╭─ DATA SHOWN

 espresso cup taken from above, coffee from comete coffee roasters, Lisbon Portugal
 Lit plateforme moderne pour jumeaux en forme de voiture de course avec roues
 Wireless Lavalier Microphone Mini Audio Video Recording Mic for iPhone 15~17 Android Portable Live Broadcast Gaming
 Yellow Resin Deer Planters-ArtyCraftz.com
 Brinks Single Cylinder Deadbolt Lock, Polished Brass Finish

╰─
╭─ DATA SHOWN

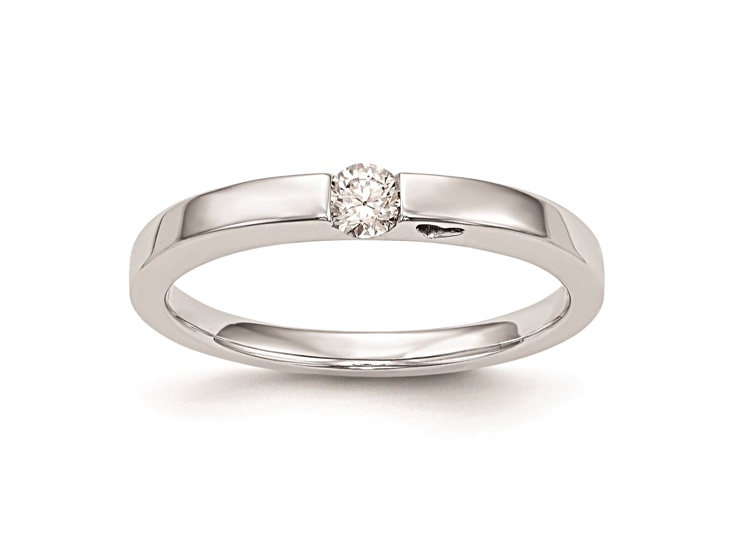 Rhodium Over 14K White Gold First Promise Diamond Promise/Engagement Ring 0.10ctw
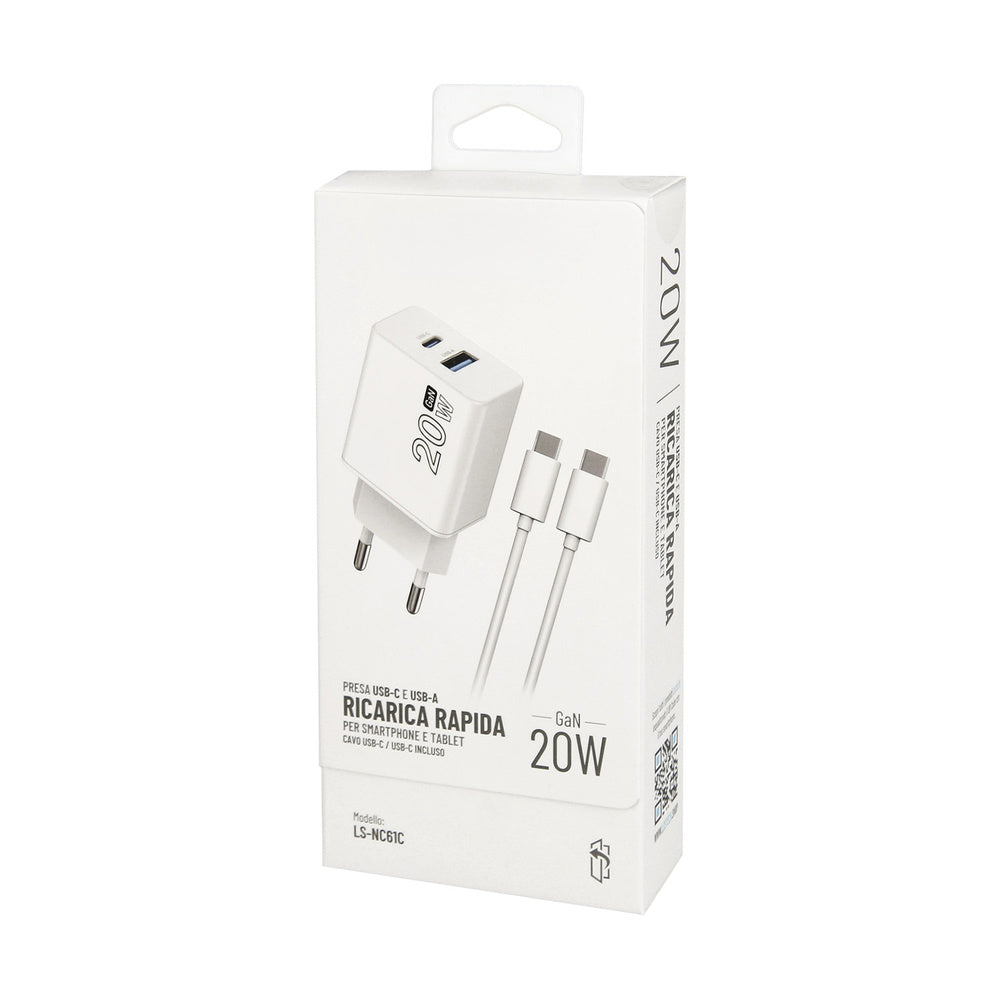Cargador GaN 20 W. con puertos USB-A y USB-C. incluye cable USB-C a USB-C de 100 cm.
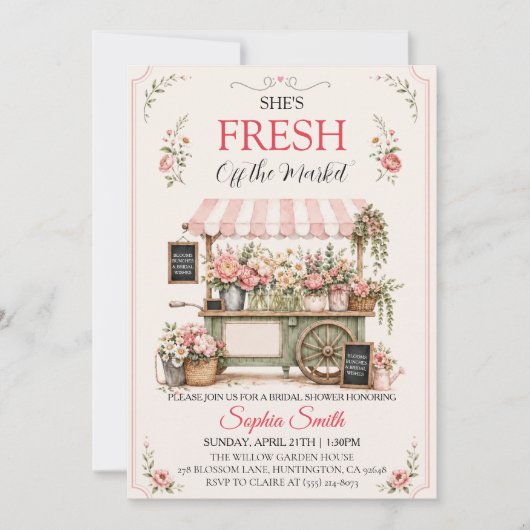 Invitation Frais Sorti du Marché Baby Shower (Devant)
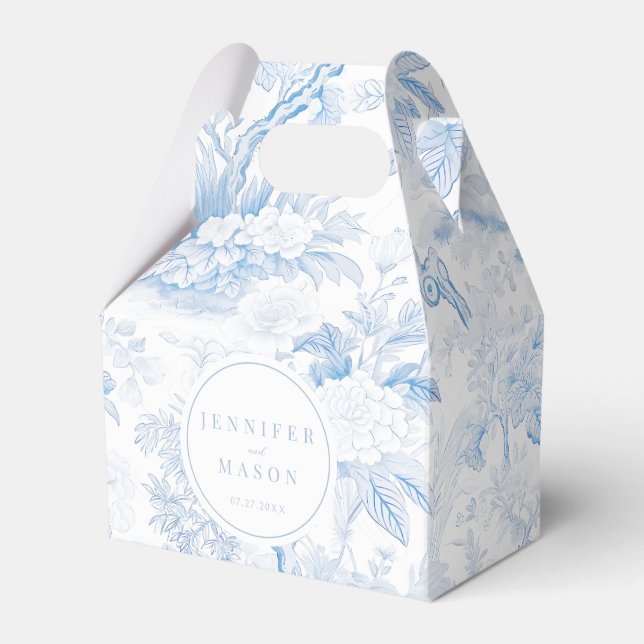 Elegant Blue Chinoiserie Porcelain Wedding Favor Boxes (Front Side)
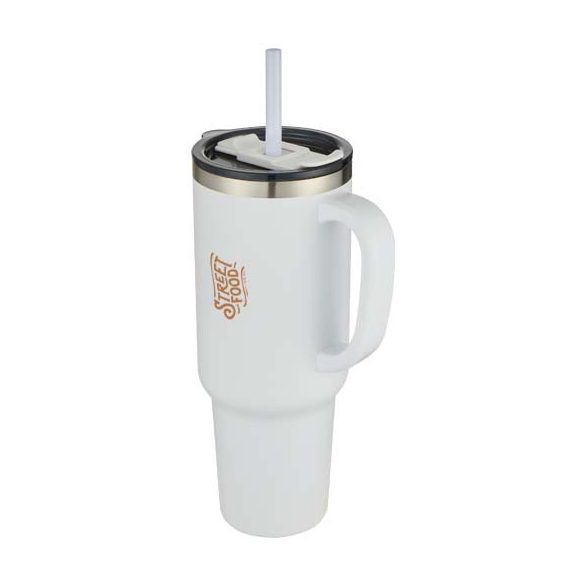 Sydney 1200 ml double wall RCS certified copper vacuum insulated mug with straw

╰─

◆ PROBLEM DETAILS ◆
The lines above from the one containing "espresso cup taken" through the one containing "Brinks Single Cylinder" are to be set down exactly, and no others.

◆ RESPONSE TO THIS TASK ◆
 espresso cup taken from above, coffee from comete coffee roasters, Lisbon Portugal
 Lit plateforme moderne pour jumeaux en forme de voiture de course avec roues
 Wireless Lavalier Microphone Mini Audio Video Recording Mic for iPhone 15~17 Android Portable Live Broadcast Gaming
 Yellow Resin Deer Planters-ArtyCraftz.com
 Brinks Single Cylinder Deadbolt Lock, Polished Brass Finish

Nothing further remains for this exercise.